Seul Joseph d’Arimathie n’avait pas fui. Il avait gentiment demandé à Halva une couche pour la nuit. La route de Damas était longue et il préférait se reposer avant de s’en retourner.
Miryem n’avait pas su, pas eu le courage de s’excuser auprès d’eux. Soudain les mots lui avaient manqué, elle n’avait surtout pas voulu ouvrir la bouche de peur de prononcer encore des paroles blessantes.
Elle n’avait pas même eu le courage de paraître au repas du soir, malgré les exhortations d’Halva. Halva qui l’avait embrassée avec toute la tendresse dont elle était capable. Répétant qu’elle avait eu raison, mille fois raison de leur dire cette vérité qu’ils ne savaient pas entendre.
Mais Halva parlait d’un cœur débordant d’amitié et sa confiance en Miryem l’aveuglait jusqu’à la déraison.
Non ! La vérité était sortie de la bouche de Guiora : elle n’était qu’une fille pleine d’orgueil qui se mêlait de ce qui ne la regardait pas. Elle avait jeté la discorde entre eux comme une pierre. Quelle sottise ! Alors même qu’elle voulait les unir !

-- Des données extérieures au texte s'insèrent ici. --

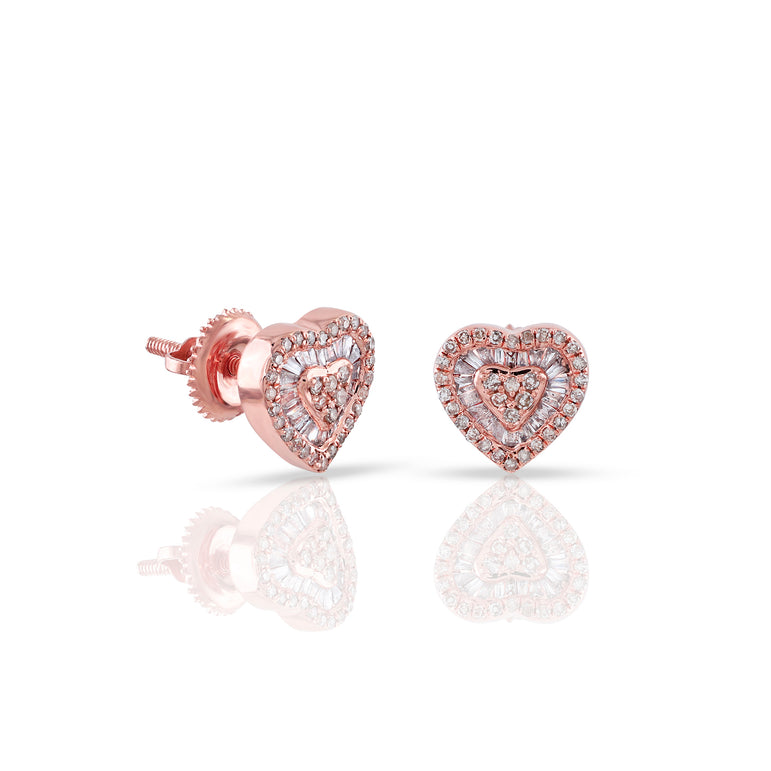 Rose Gold Baguette and Round Diamond Heart Stud Earrings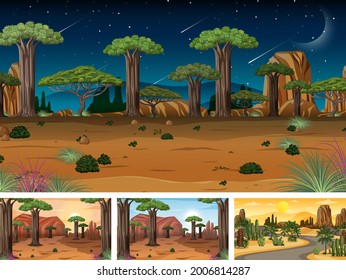 Different nature horizontal scenes illustration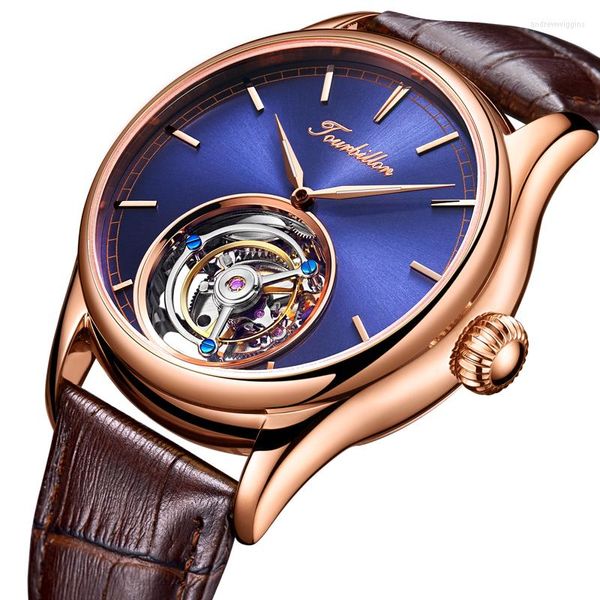 Armbanduhren Top Business Herrenuhr Mechanischer Saphirspiegel Aushöhlen Tourbillon Armbanduhr Männliche High-End-Persönlichkeit Tough Guy Clock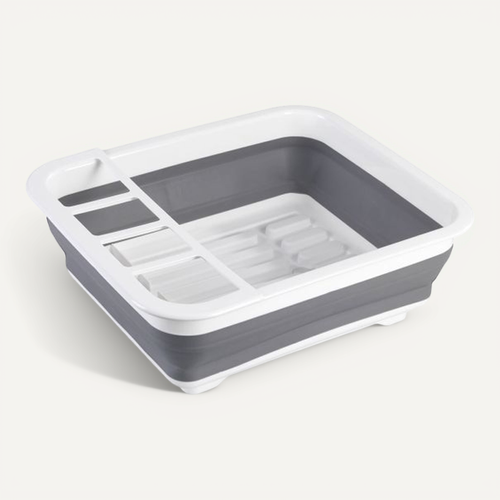 Égouttoir À Vaisselle Pliable Wenko Bilo En Plastique Blanc Et Gris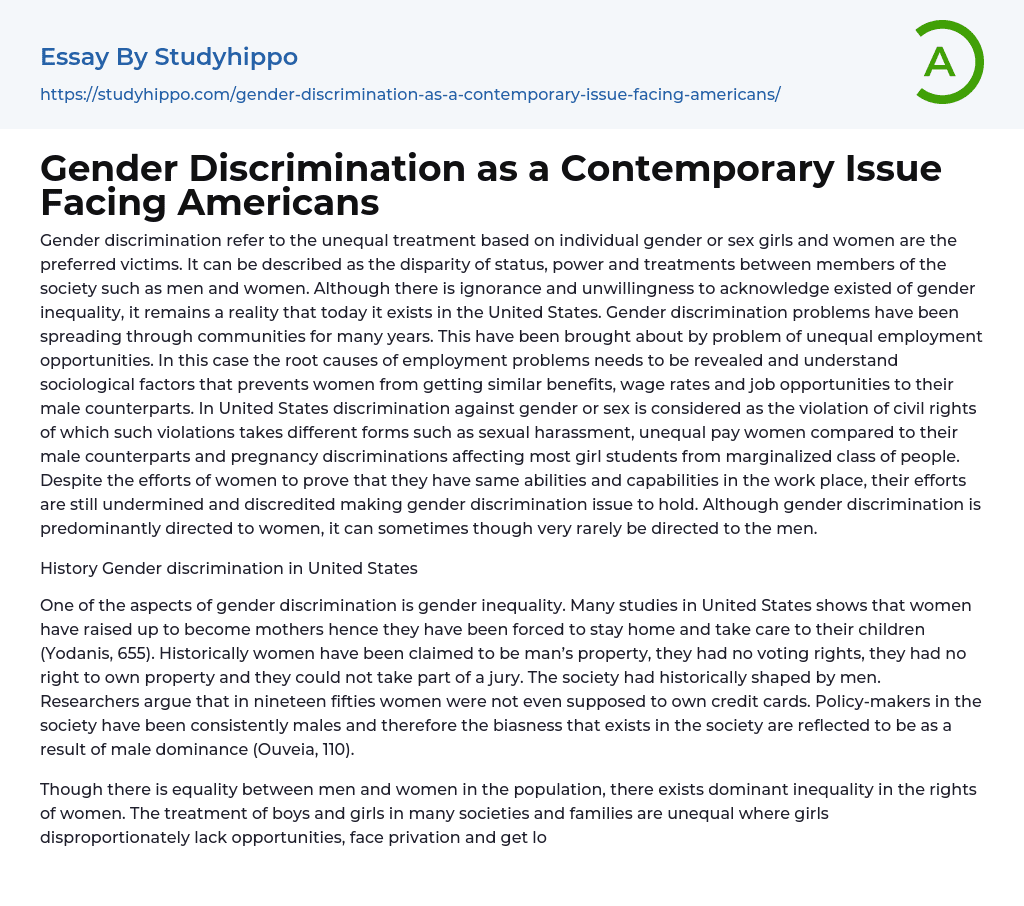 Gender Discrimination as a Contemporary Issue Facing Americans Essay Example
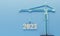 2023 3d number on a crane on a blue background, HAPPY 2023 NEW YEAR for a construction site, Vision for next YEAR background. 3d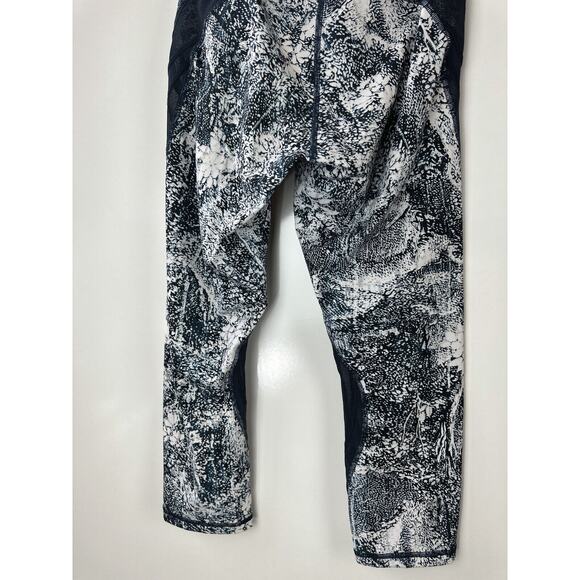 Lululemon Never Still Crop 21" Leggings Wildwood White Nocturnal Teal Mesh Sz 6 - Picture 9 of 12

Oh ! pourquoi ne pouvait-on remonter le temps pour réparer ses fautes ?
Maintenant, la nuit pâlissait au-dessus de Nazareth. Une fraîcheur, humide de rosée, avait engourdi Miryem sans qu’elle y prenne garde, ivre qu’elle était de ses pensées, de ses reproches et de ses doutes.
Elle n’entendit qu’au dernier moment des pas derrière elle. Yossef s’approchait, une grande couverture dans les mains et un sourire aux lèvres.
— Je m’apprêtais à aller soigner les bêtes, puisque Barabbas a abandonné son rôle de berger.
Il la considéra, fronçant les sourcils, remarquant ses yeux rouges, ses lèvres frémissantes, la chair de poule qui couvrait ses bras nus.
— J’espère que tu n’es pas assez folle pour avoir passé la nuit ici ?
Il la recouvrit de la couverture en ajoutant, plein de tendresse :
— Réchauffe-toi, sinon tu vas prendre mal. L’aube est traîtresse.
— Yossef, je m’en veux tellement, murmura Miryem en agrippant sa main.
Les mots lui rabotèrent la gorge. Yossef retint sa main dans les siennes.